(Dataset entries)
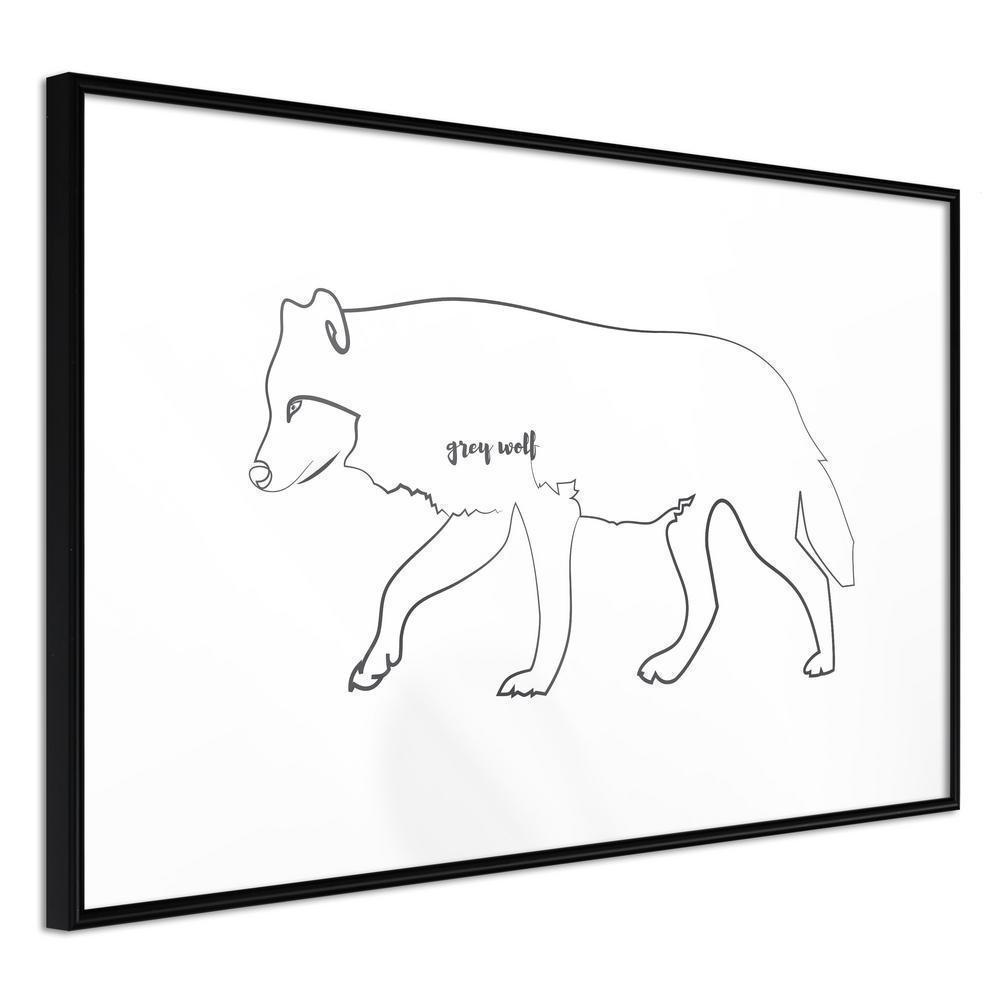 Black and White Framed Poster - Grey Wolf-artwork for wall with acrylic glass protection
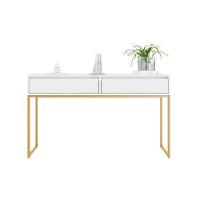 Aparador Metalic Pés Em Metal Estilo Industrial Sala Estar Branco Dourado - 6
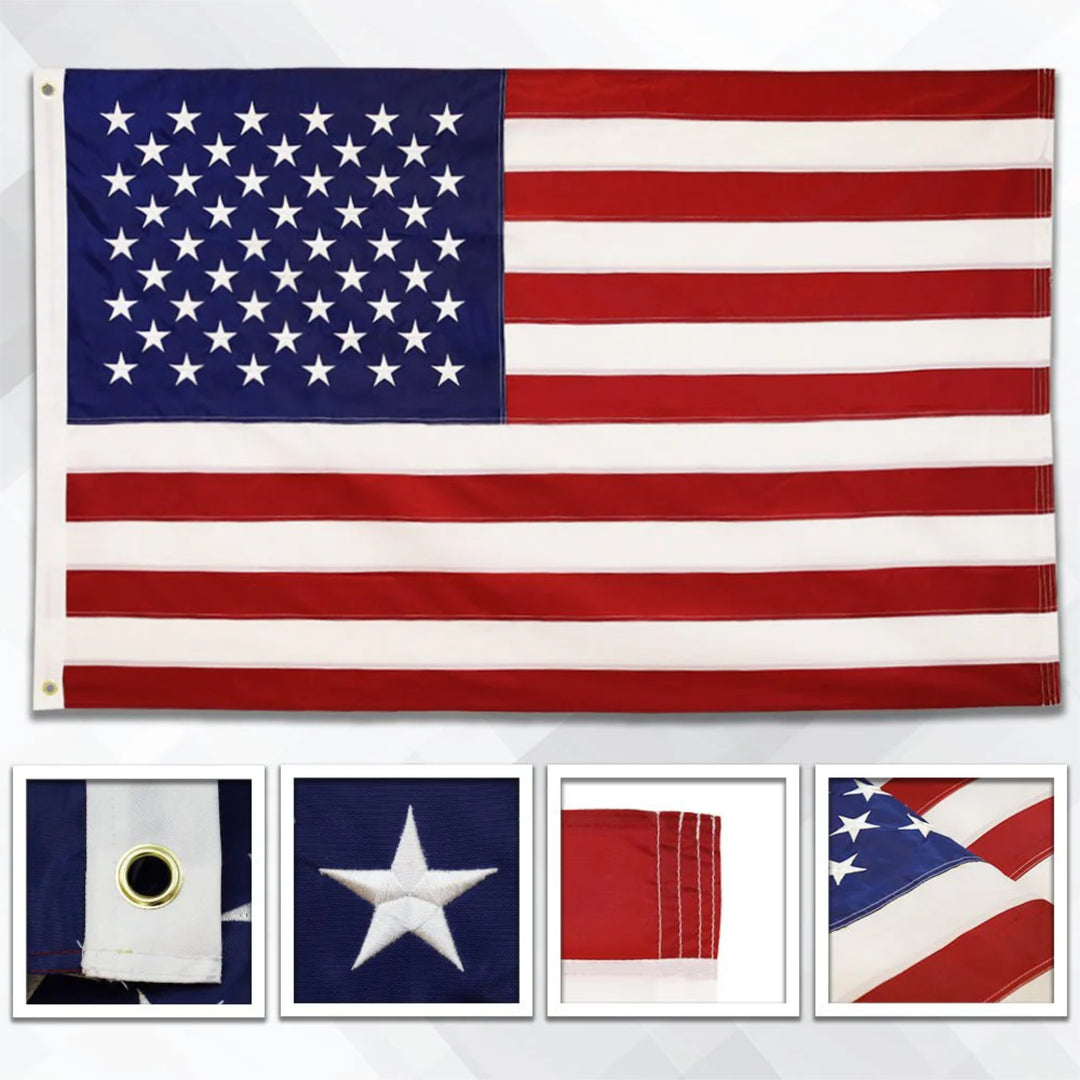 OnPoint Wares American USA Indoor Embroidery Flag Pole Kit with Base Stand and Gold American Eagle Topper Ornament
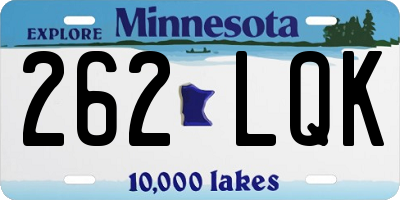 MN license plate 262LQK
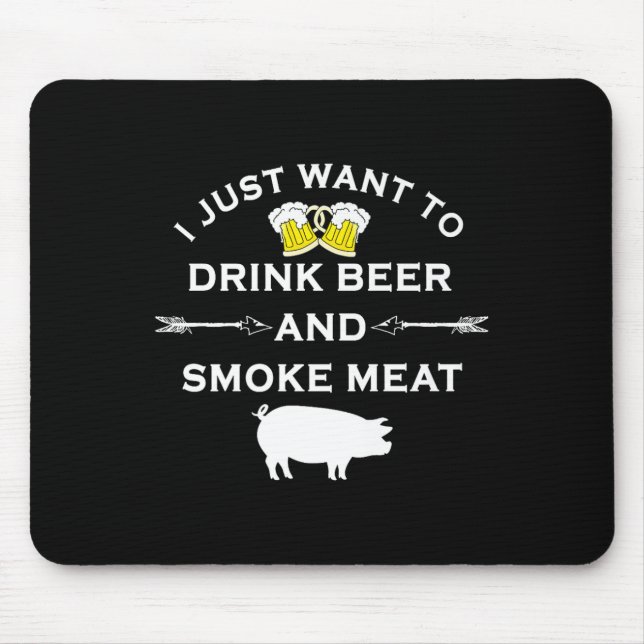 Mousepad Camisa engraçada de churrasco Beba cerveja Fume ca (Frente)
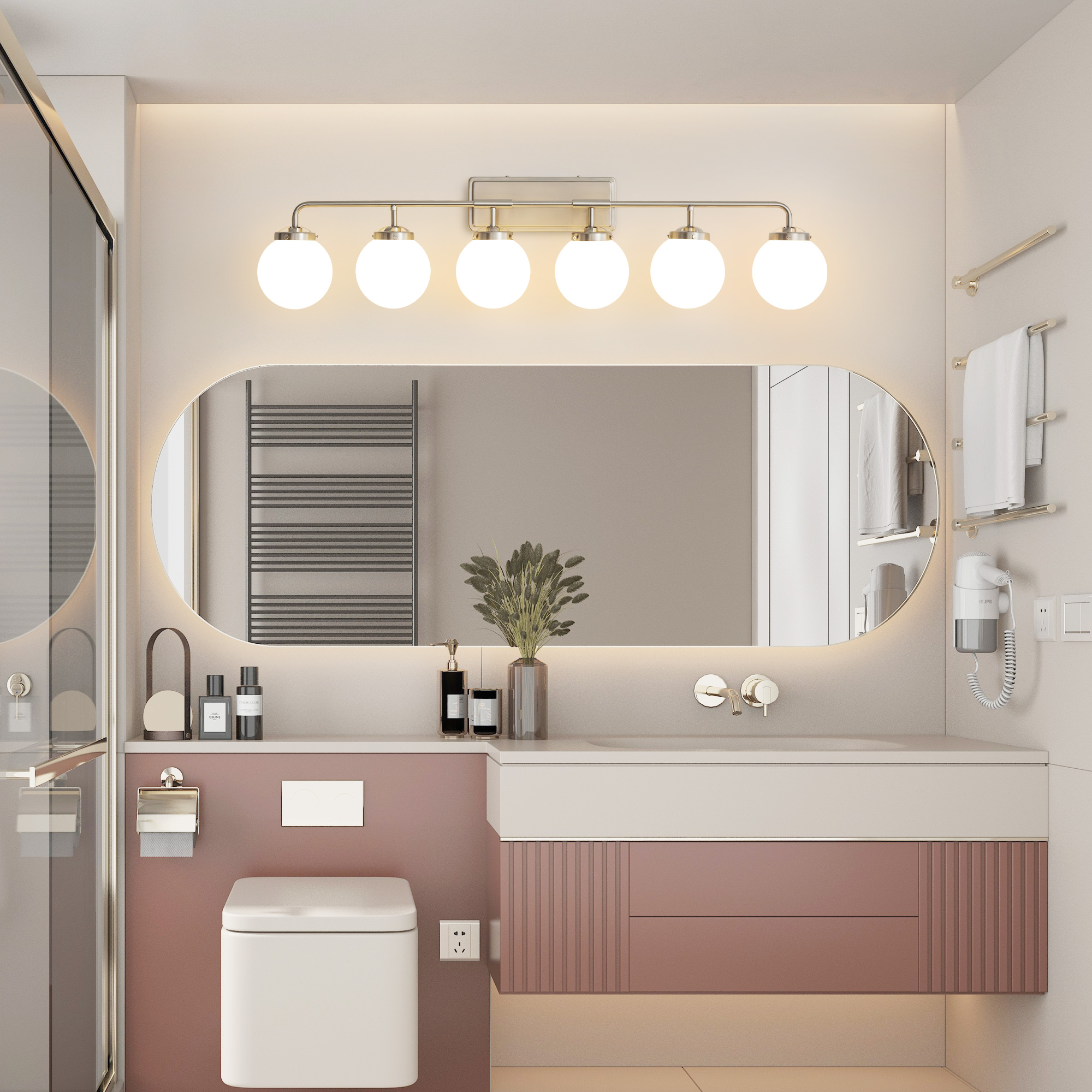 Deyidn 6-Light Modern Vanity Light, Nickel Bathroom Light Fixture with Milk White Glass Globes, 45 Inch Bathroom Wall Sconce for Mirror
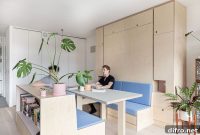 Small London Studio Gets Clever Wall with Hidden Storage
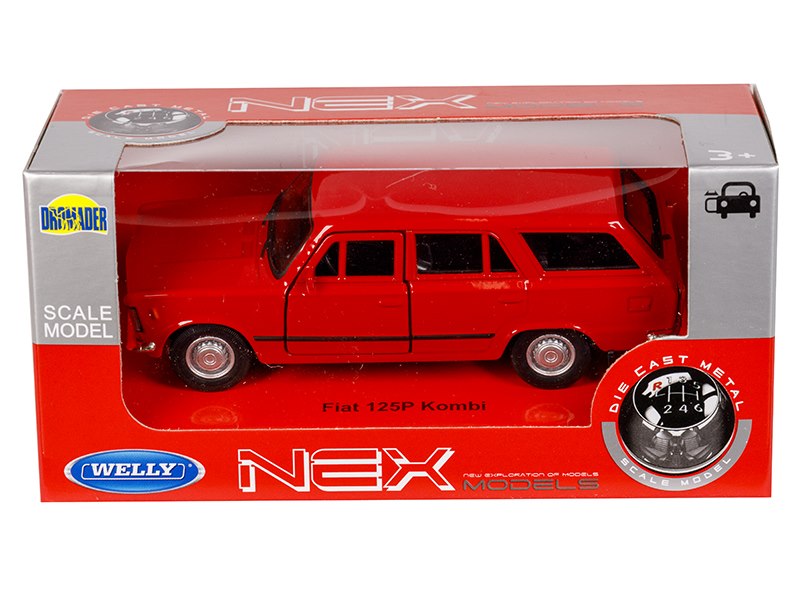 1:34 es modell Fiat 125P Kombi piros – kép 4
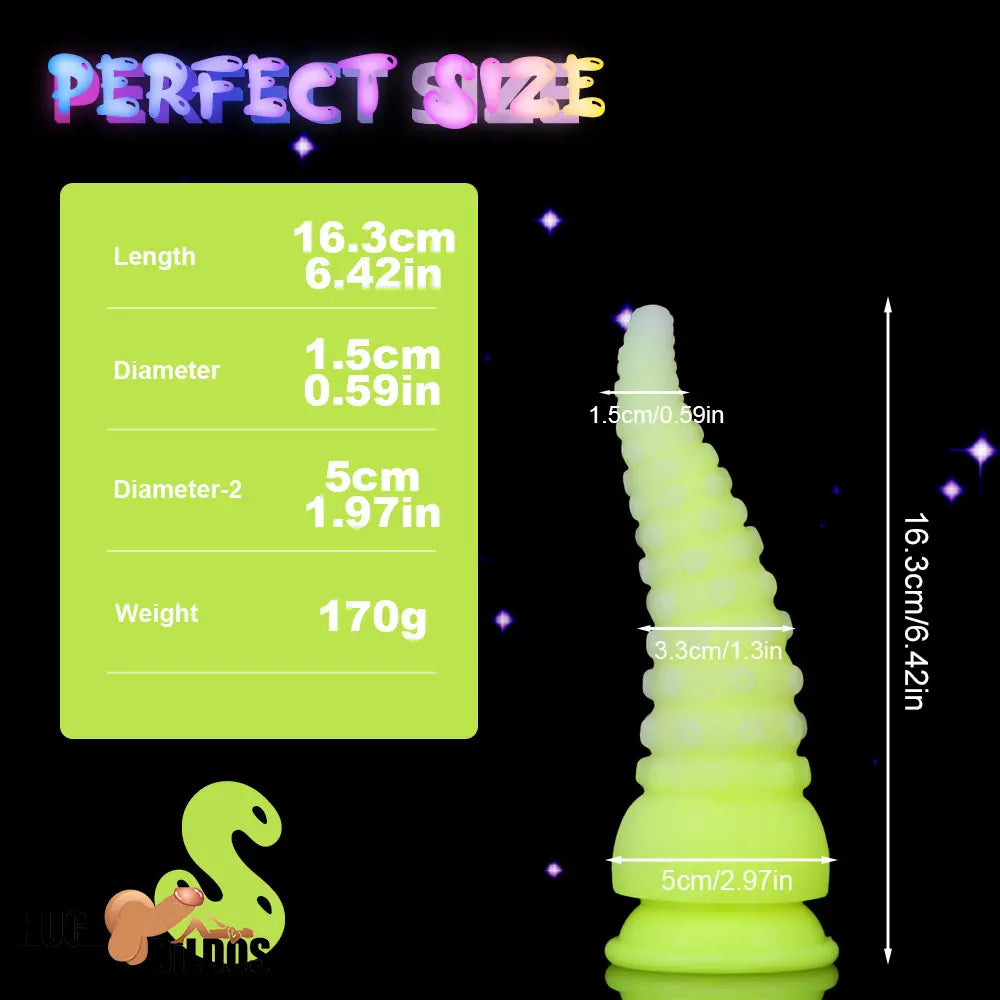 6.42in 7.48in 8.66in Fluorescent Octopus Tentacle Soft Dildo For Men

[How to complete this task]: Your answer must be exactly the lines from the one containing "Mousepad Camisa engraçada" through the last line of the records above, both included, with every picture left out.

[Output]:
 Mousepad Camisa engraçada de churrasco Beba cerveja Fume ca (Frente)
 Deyidn 6-Light Modern Vanity Light, Nickel Bathroom Light Fixture with Milk White Glass Globes, 45 Inch Bathroom Wall Sconce for Mirror
 Small London Studio Gets Clever Wall with Hidden Storage
 1:34 es modell Fiat 125P Kombi piros – kép 4
 6.42in 7.48in 8.66in Fluorescent Octopus Tentacle Soft Dildo For Men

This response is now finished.